Sepeda itu juga tak jarang menjadi objek kenakalan kami. Tak jarang kami para begundal kampung tak tahu diuntung ini mengerjai lelaki kecil itu dengan mencabut pentil angin ban sepedanya atau mengikat rantai sepedanya ke tiang rumah panggung beliau. Dan lagi-lagi beliau hanya tersenyum dengan tingkah kami. Sekali ia pernah marah pada kami semua, ketika kami bergelut saat shalat jemaah Isya. Entah siapa yang memulai, kami semua saling dorong dan akhirnya mendorong Tuok Muin yang menjadi imam hingga ia terjengkang. Tak ayal, setelah shalat Isya, kami semua murid laki-laki mendapat jatah “lunsin”, yaitu cambukan 12 kali ke telapak tangan dengan rotan yang selalu ada di tangan Tuok Muin saat mengajar kami mengaji.

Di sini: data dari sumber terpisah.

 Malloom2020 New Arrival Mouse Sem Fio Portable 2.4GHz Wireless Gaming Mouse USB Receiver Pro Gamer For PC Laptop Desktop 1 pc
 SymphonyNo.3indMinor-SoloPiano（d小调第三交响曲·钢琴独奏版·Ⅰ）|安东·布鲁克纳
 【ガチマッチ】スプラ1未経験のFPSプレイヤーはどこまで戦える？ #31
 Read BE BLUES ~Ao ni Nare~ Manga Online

Selain tunak mengajari kami mengaji, Tuok Muin juga punya kebiasaan yang sangat mulia. Pada “Kereta Unto” nya selalu terikat sebuah cangkul kecil bergagang pendek, tentu saja menyesuaikan posturnya yang minimalis. Setiap kali menemukan jalan berlubang atau tergenang, maka beliau akan menyempatkan untuk sekedar mengalirkan air atau sedikit memberi tanah timbun sehingga jalanan kembali bisa dilalui. Dan aku melihat kebiasaan beliau sepanjang hidup. Pernah ketika kesadaranku sedang insyaf aku bertanya kepada beliau tentang apa yang dilakukannya. Beliau hanya menjawab, itulah amal jariyah yang kelak akan menemaninya di kubur.

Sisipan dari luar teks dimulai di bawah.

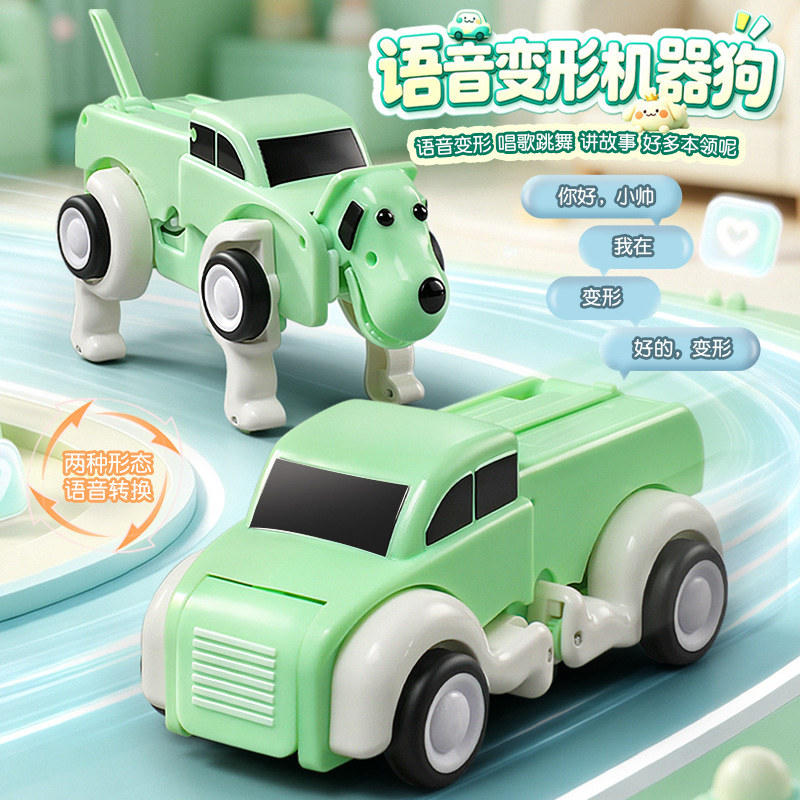 Voice remote control deformati - đánh giá và giá Remote Control Toys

Seingatku, Tuok Muin juga memiliki istri yang tingginya tak jauh berbeda. Aku lupa nama istri beliau. Hampir semua anak-anak beliau jago mengaji dan faham agama, apa lagi yang perempuan. Di Sughau Ujuong kami diajar tidak hanya oleh Tuok Muin tetapi juga oleh anak-anak dan istri beliau. Ada Mak Onga Asna, putri kedua beliau dan juga Tek Asma, kalau tak salah anak ke empat Tuok Muin.

Kini, beliau tak lagi ada, aku beruntung pernah menjadi salah satu murid beliau. Aku beruntung telapak tangan ini dulu pernah mendapat “lunsin” dari beliau. Sehingga saat ini aku bisa mengaji, bisa shalat dan tahu tentang agama. Semoga Allah melapangkan kubur beliau, mengampuni dosa heliau dan menempatkan di tempat terbaik di sisinya, aamiin.